Here is the task for the listing below: output exactly the lines from the one containing "Por que seu gatinho te ama?" through the one containing "Indiana Dunes State Park", and leave out the pictures.

*** Available data ***

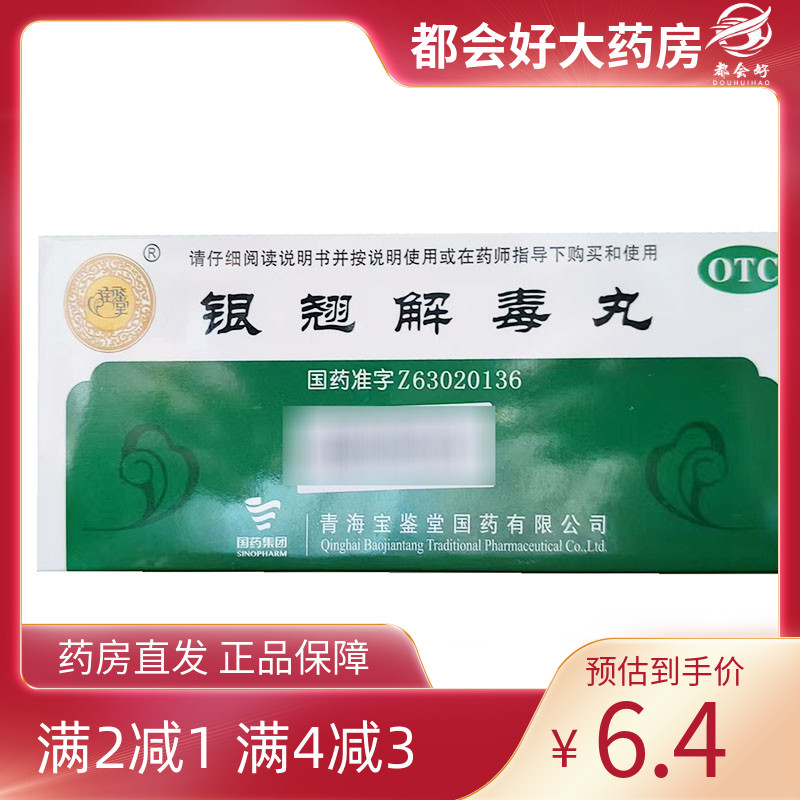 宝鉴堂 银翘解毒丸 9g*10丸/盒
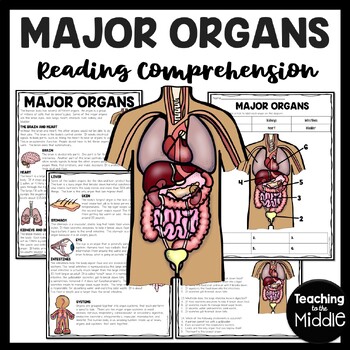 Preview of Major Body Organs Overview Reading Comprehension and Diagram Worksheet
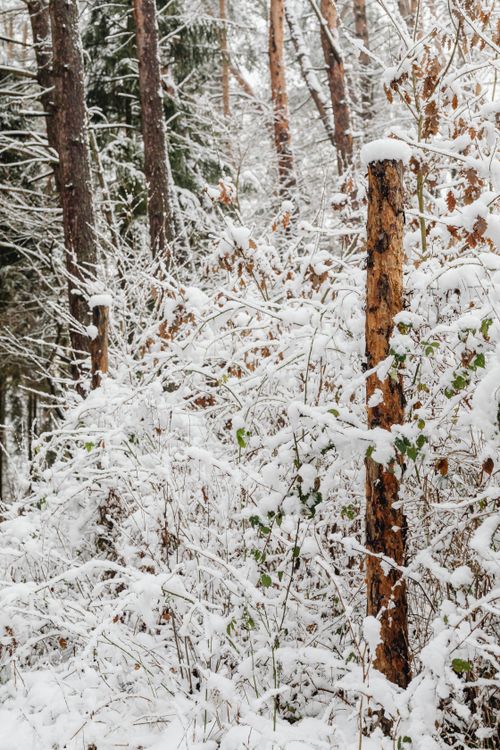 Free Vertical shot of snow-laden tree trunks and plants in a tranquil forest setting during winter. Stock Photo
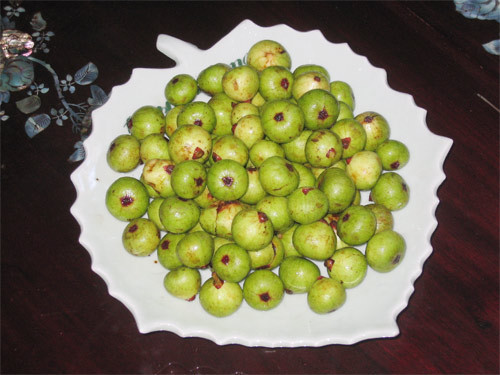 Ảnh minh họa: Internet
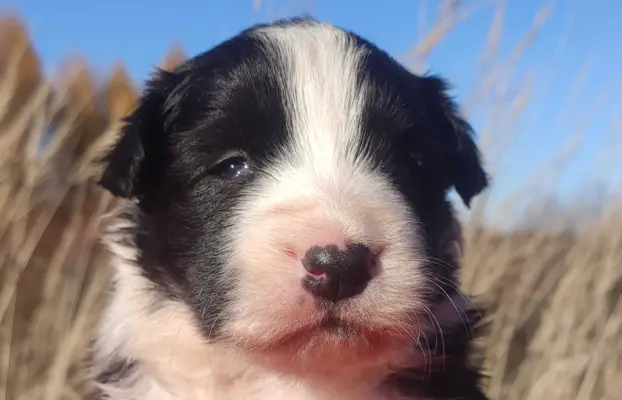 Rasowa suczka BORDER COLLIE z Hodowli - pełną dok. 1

*** End of Available data ***
*** Available data ***

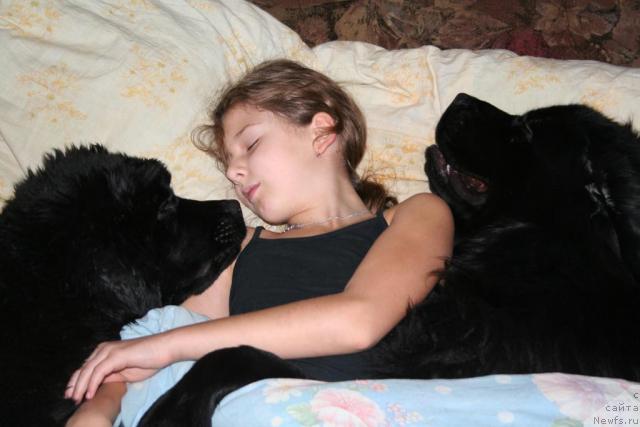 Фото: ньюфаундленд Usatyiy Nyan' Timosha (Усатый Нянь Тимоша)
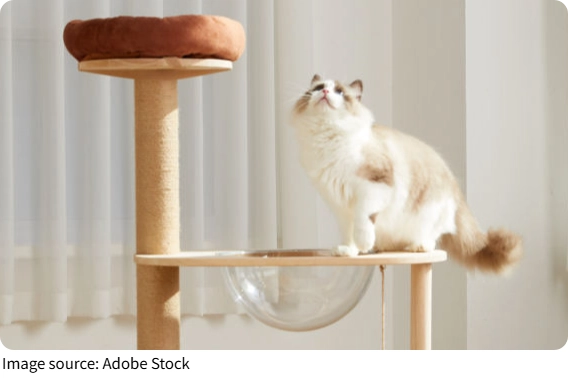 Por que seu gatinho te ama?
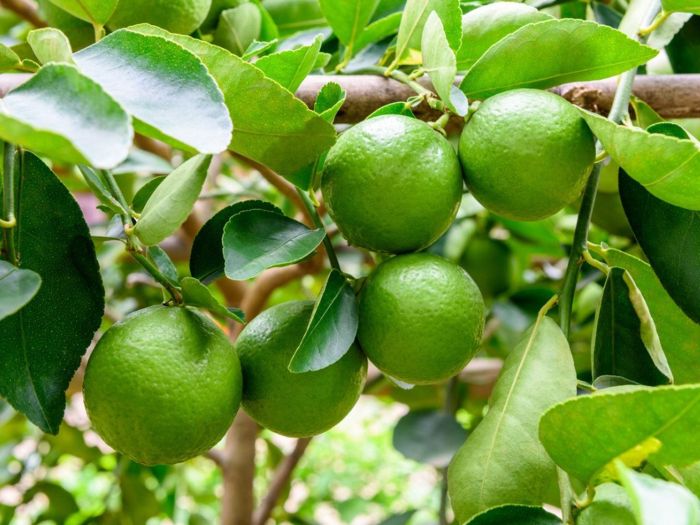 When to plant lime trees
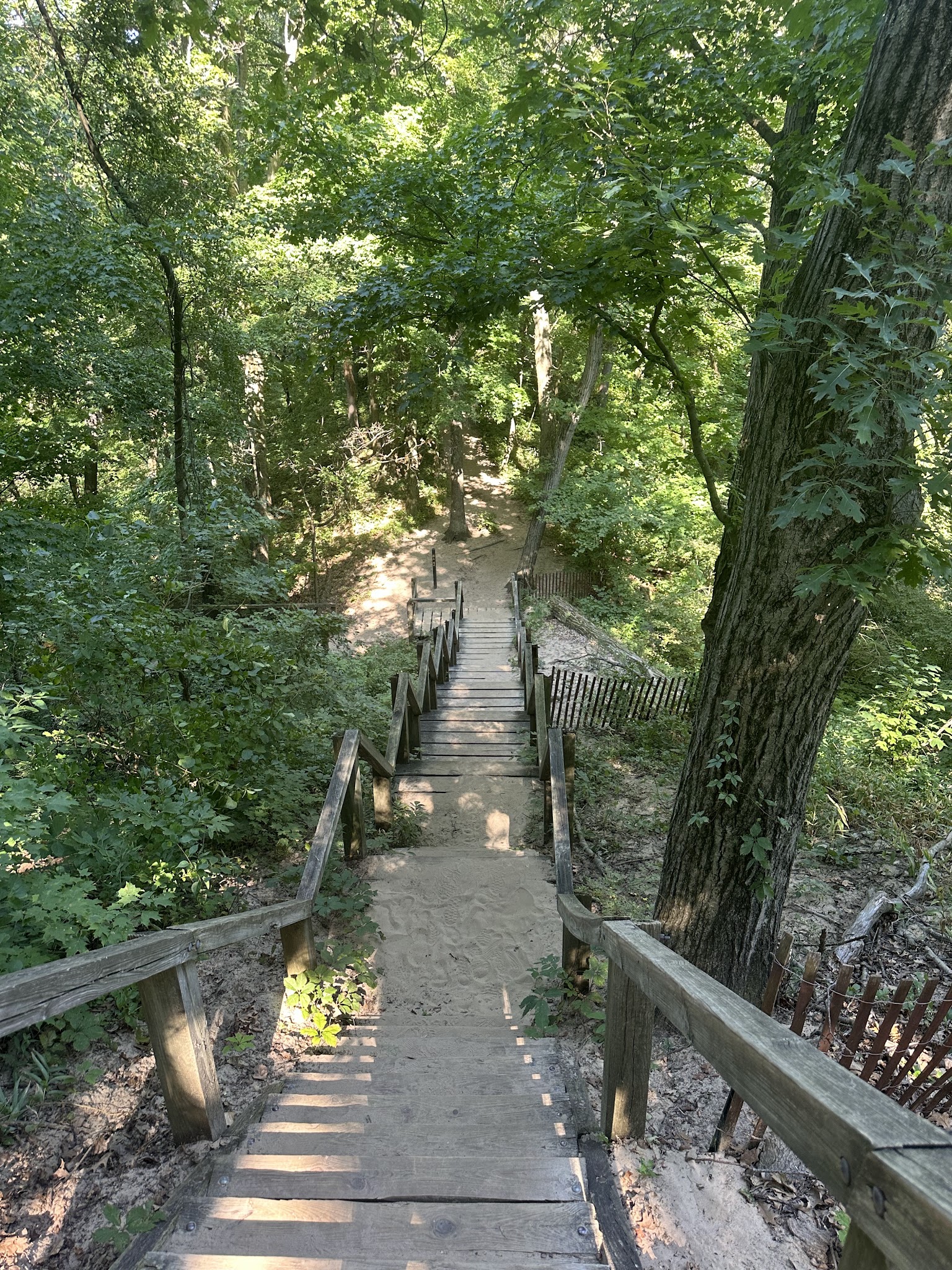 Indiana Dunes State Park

*** End of Available data ***
*** Available data ***

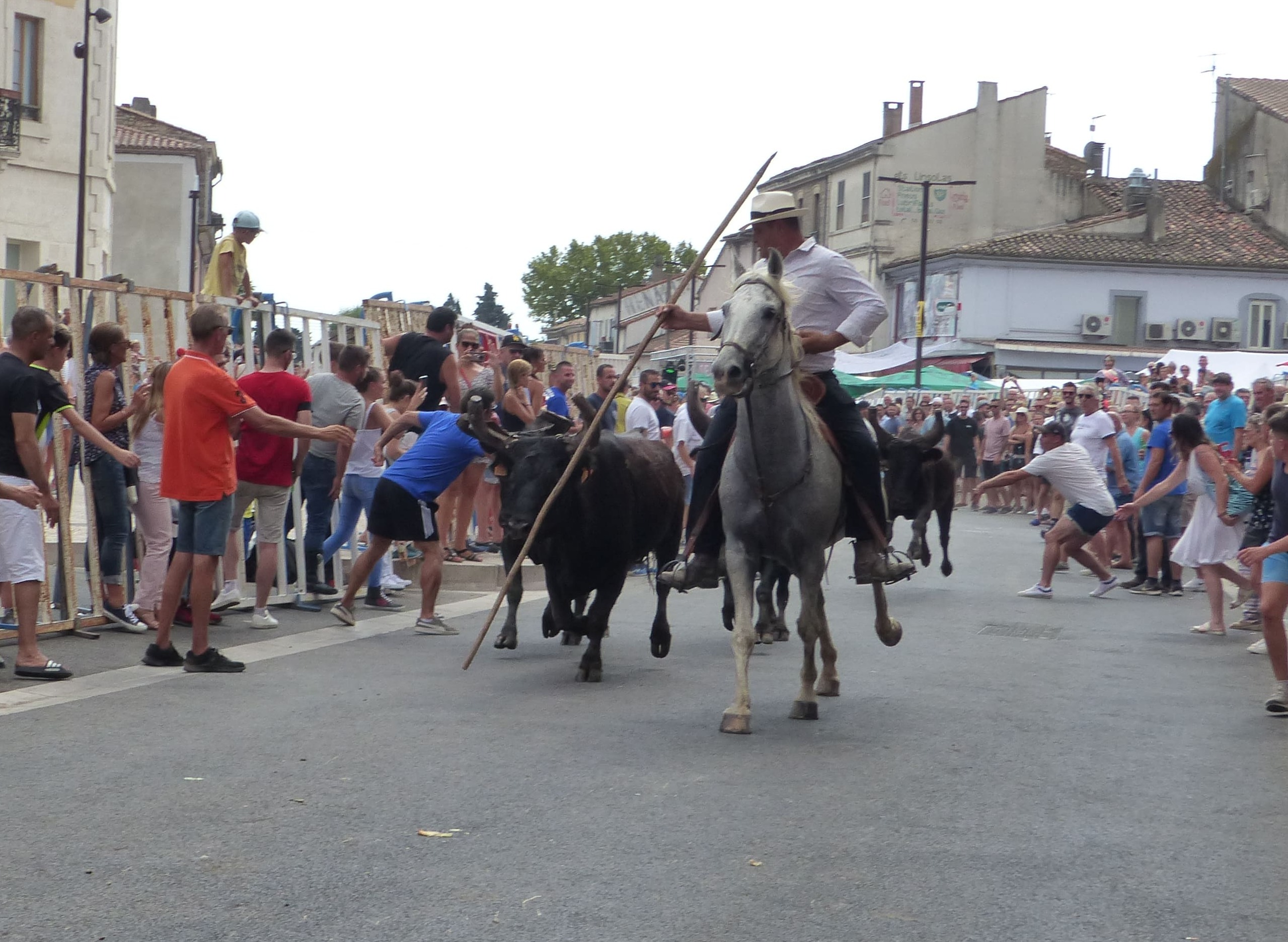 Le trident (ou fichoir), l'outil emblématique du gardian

*** End of Available data ***

*Task solution*
 Por que seu gatinho te ama?
 When to plant lime trees
 Indiana Dunes State Park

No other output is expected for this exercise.